# C library bindings: GCC plugins to the rescue

## by Pierre-Marie de Rodat – Jun 13, 2016

I recently started working on an Ada binding for the excellent libuv C library. This library provides a convenient API to perform asynchronous I/O under an event loop, which is a popular way to develop server stacks. A central part of this API is its enumeration type for error codes: most functions use it. Hence, one of the first things I had to do was to bind the enumeration type for error codes. Believe it or not: this is harder than it first seems!

The enumeration type itself is defined in uv.h and makes a heavy use of C macros. Besides, the representation of each enumerator can be platform dependent. Because of this, I would like to get the type binding automatically generated. But only the enumeration type: I want to bind the rest manually to expose an Ada API that is as idiomatic as possible.

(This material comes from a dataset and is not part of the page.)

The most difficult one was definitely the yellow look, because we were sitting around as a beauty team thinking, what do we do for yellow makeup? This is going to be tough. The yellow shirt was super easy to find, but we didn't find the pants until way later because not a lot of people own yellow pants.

# Don’t we already have a tool for this?

The first option that came to my mind was to use the famous -fdump-ada-spec GCC flag:

subtype uv_errno_t is unsigned;
UV_E2BIG : constant uv_errno_t := -7;
UV_EACCES : constant uv_errno_t := -13;
UV_EADDRINUSE : constant uv_errno_t := -98;
--  [...]

That’s a good start but I wanted something better. First, uv_errno_t in C really is an enumeration: each value is independent, there is no bit-field game, so what I want is a genuine Ada enumerated type. Moreover, the output from -fdump-ada-spec is raw and supposed to be used as a starting base to be refined. For instance I would have to rework the casing of identifiers and remove the UV_ prefix.

Besides, the output contains the type definition… but also bindings for the rest of the API (other types, subprograms, …), so I would have to filter out the rest. Overall, given that this binding will have to be generated for each platform, using -fdump-ada-spec does not look convenient.

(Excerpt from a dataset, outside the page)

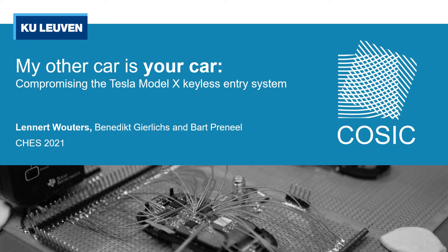Hi, my name is Lennart Wouters and in this recorded talk I will present our paper titled 'My Other Car is Your Car: Compromising the Tesla Model X Keyless Entry System.'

# Cool kids handle C with Clang…

My second thought was to use Clang. Libclang’s Python API makes it possible to visit the whole parse tree, which sounds good. I would write a script to find the enumeration type definition, then iterate over its children so that I could list the couples of names and representation values.

Unfortunately, this API does not expose key data such as the value of an integer literal. This is a deal breaker for my binding generator: no integer literal means no representation value.

And now, what? Building a dummy compilation unit with debug information and extract enumeration data out of the generated DWARF looks cumbersome. No please… don’t tell me I'll have to parse preprocessed C code using regular expressions! Then I remembered something I heard some time ago, a technology existed called… GCC plugins.

Sure, I could probably have done this with Clang’s C++ API, but people working with Ada are much more likely to have GCC available rather than a Clang plugin development setup. Also, I was looking for an opportunity to check how the GCC plugins worked. ☺

# … but graybeards use GCC plugins

Since GCC 4.5, it is possible for everyone to extend the compiler without re-building GCC, for instance using your favorite GNU/Linux distribution’s pre-packaged compiler. The GCC wiki lists several plugins such as the famous DragonEgg: an LLVM backend for GCC. Note that the material here assumes it works with GCC 6 but the plugin events have changed a bit since the introduction of plugins.

So how does that work? Each plugin is a mere shared library (.so file on GNU/Linux) that is expected to expose a couple of specific symbols: a license “manifest” and an entry point function. The most straightforward way to write plugins is to use the same programming language as GCC: C++. This way, access to all internals is going to look like GCC’s own code. Note that plugins exist to expose internals in other languages: see for instance MELT or Python.

Loading a plugin is easy: just add a -fplugin=/path/to/plugin.so argument to your gcc/g++ command line: see the documentation for more details.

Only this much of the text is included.